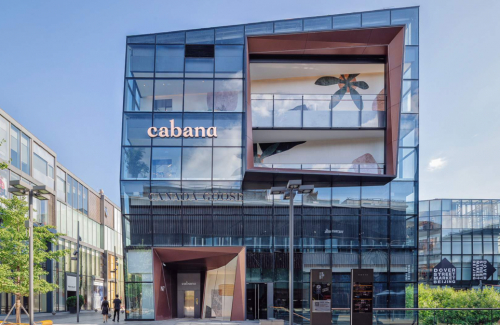 Cabana 北京三里屯太古里门店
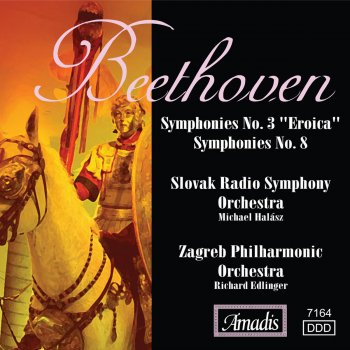 Ludwig van Beethoven, Slovak Radio Symphony Orchestra & Michael Halasz Symphony No. 3 in E-Flat Major, Op. 55 "Eroica": IV. Finale: Allegro molto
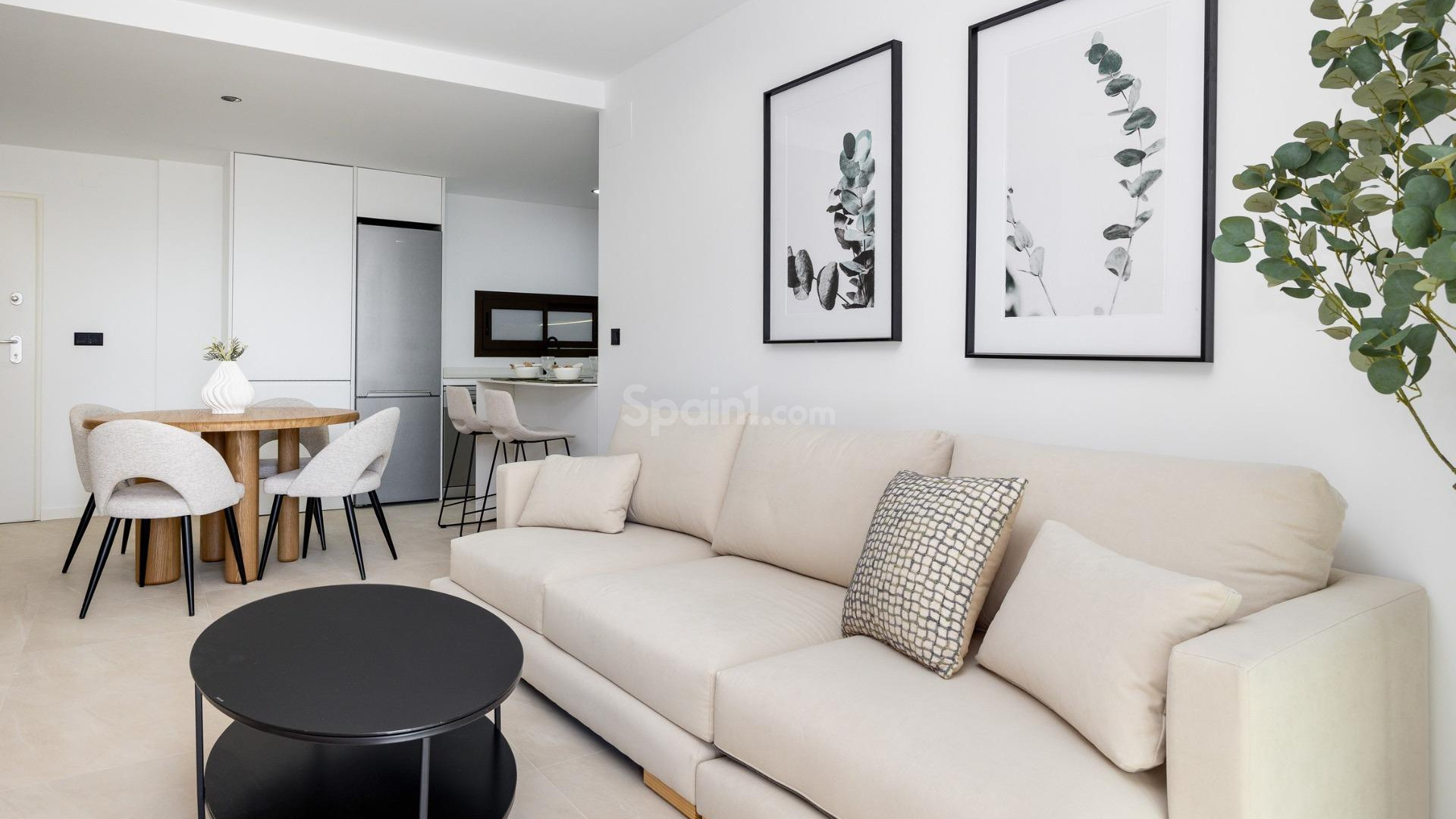 Nueva construcción  - Apartamento -
Los Alcázares - La Serena Golf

§ YOUR TASK: The material above should be printed again exactly, with each picture left out.

§ SOLVED EXERCISE:
 Cabana 北京三里屯太古里门店
 Ludwig van Beethoven, Slovak Radio Symphony Orchestra & Michael Halasz Symphony No. 3 in E-Flat Major, Op. 55 "Eroica": IV. Finale: Allegro molto
 Nueva construcción  - Apartamento -
Los Alcázares - La Serena Golf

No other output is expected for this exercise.